MOSCOW, 5 September 2004 — The death toll in the hostage crisis in the southern Russian town of Beslan rose to 358 yesterday as President Vladimir Putin called for a new approach to law enforcement in the country.
Regional Emergency Situations Minister Boris Dzgoyev said 323 victims, including 156 children, had been killed in the violence. Russian Deputy Prosecutor Sergei Fridinsky said that all 35 attackers had been eliminated.
Medical officials said 448 people, including 248 children had been hospitalized as a result of the crisis, which ended in a wave of violence Friday. Commandos stormed the school and battled militants as crying children, some naked and covered with blood, managed to flee through explosions and gunfire after 53 hours during which the hostage-takers herded them into the gym, denied them food and water and threatened to kill them by detonating explosives they had rigged up.
Most of the dead had been in the school’s gymnasium, officials said.

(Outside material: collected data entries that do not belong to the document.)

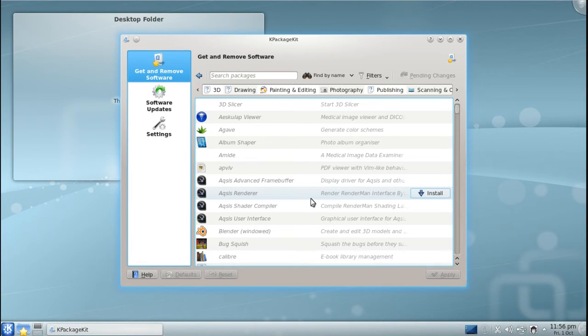Once the installation is finished, it will notify you that the application has been installed, and you can close K-Package Kit.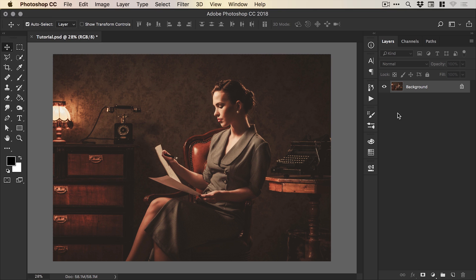Hello there, you're watching Damski and in this two minute tutorial we're going to learn how to quickly create a matte photo effect all in Photoshop.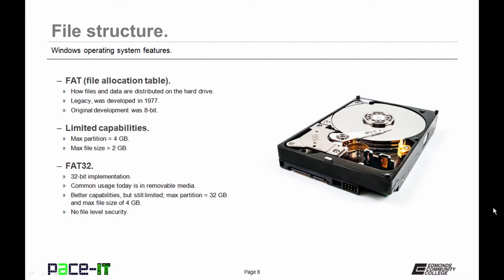FAT32 came along. It was a vast improvement, a 32-bit implementation. Its common usage today is in removable media, like USB flash drives and camera memory cards. It had much better capabilities, but it's still limited in its usability. Max Partition is 32GB, Max File Size is 4GB, and it offers no file-level security.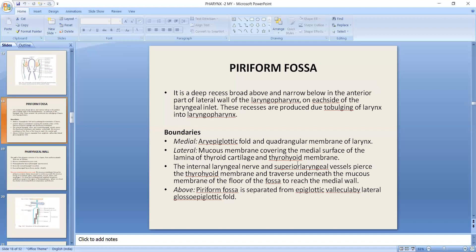We have completed the part on the laryngopharynx. The remaining portions will be studied in the next video. Please mention any queries in the comment box and they will be resolved very soon. Thank you so much.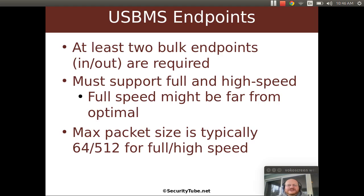So let's talk about endpoints. We said that we're going to use only bulk endpoints. And given that, at least two of them are going to be required, one for in and one for out.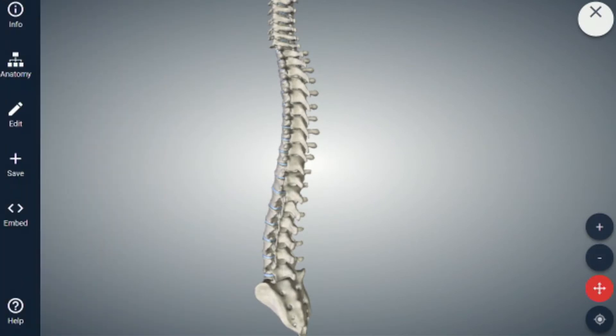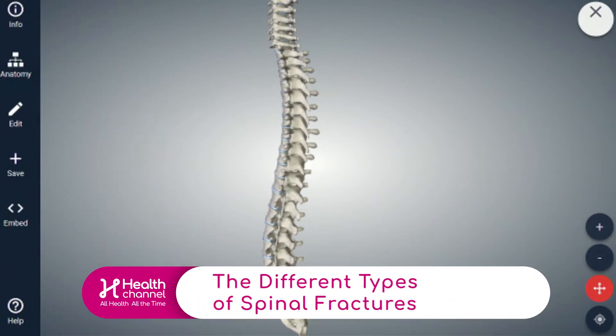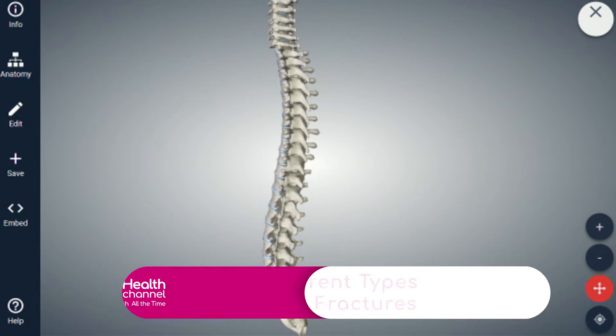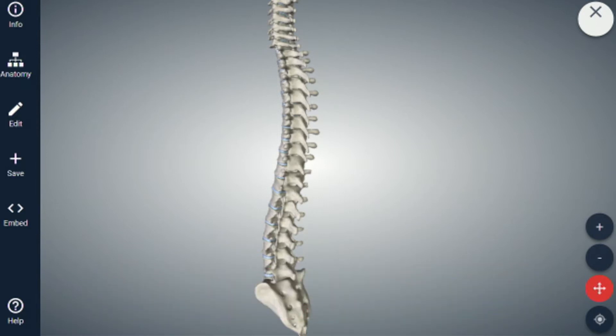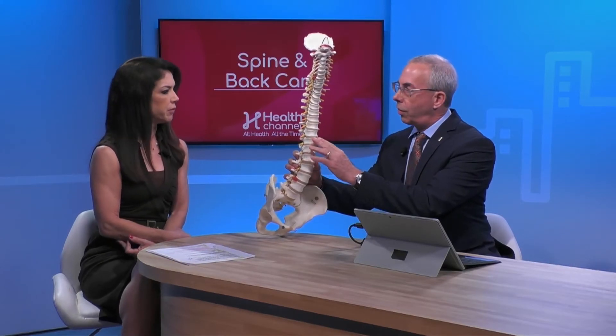We're going to talk about the fractures, the types of fractures that one can experience. We'll walk through the wedge fracture, crush fracture, and burst fracture. Let's take the first one, wedge fracture, and use our model to explain it.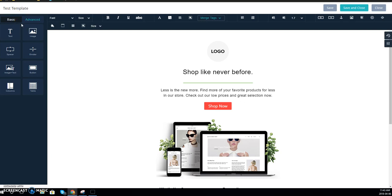Hey guys, this is David with Catalyst Connect. I'm going to walk you through some of the button customization within Zoho Campaigns.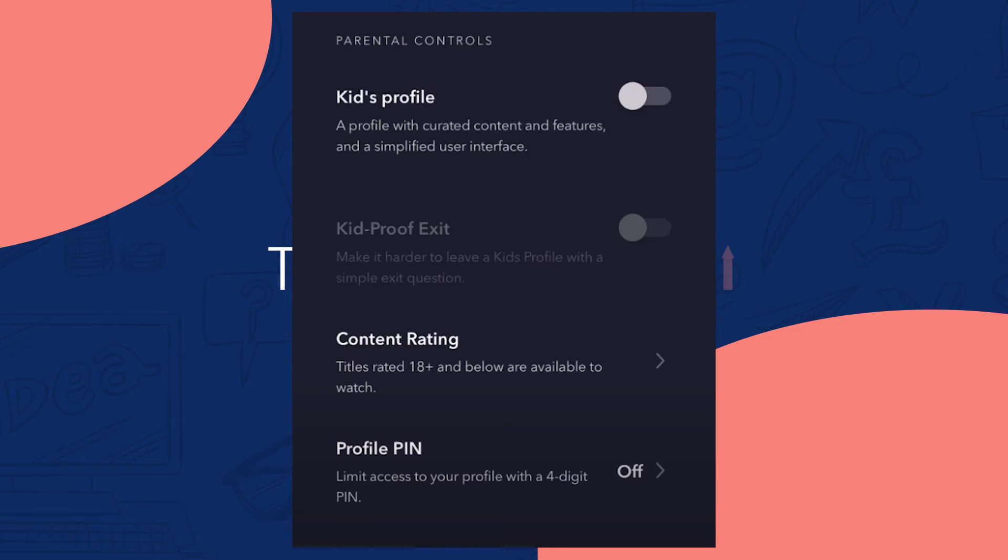Once you've tapped it, you should see parental controls below. Tap on content rating there.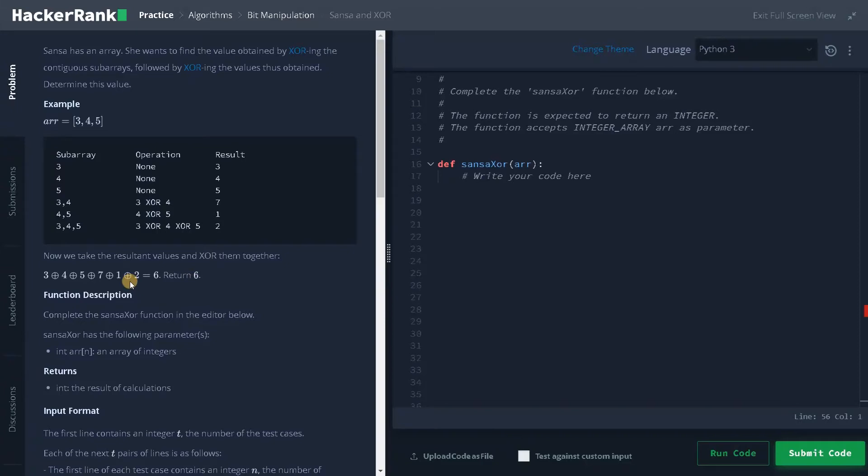So this is like a straightforward approach. But here also we have to see a pattern or else finding the subarray itself will take a longer time. And again, after that, we have to do XOR operation for these values means it will take more time and it will definitely exceed the time limit.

They were killed either by explosions that brought down the roof or by the fire and the battles between soldiers and captors that followed.
Freed hostages described Friday’s mayhem. “Bombs were strung all over the gym,” one teenage girl told state television. “Tape came unstuck on one and it blew up.”
“There were two big explosions,” said a woman in her 40s. “We started pushing all the children out of the windows... Everyone who was there started pushing them out.”
Explosives and arms used by the gunmen had been smuggled into the school well in advance during summer building work, Interfax quoted an unnamed regional security source as saying.
One source was quoted as saying the militants first scouted out two other schools before settling on School Number One — the main one in Beslan — because it was undergoing major reconstruction work over the summer. “Some of the teachers taken hostage recognized a few of the rebels because they worked on the school construction project,” Ismel Shaov, spokesman for the North Ossetian Interior Ministry, said.
“They brought in a lot of explosives while they were doing their work.”
Putin said international terrorists had declared “a full-scale war” against Russia, and that due to the collapse of the Soviet Union, the nation was weakened and unable to respond as effectively as it must.
“In general, we need to admit that we did not show an understanding of the complexities and dangers of the processes occurring in our own country and in the world,” he said. “In any case, we couldn’t adequately react ... We showed weakness, and weak people are beaten.”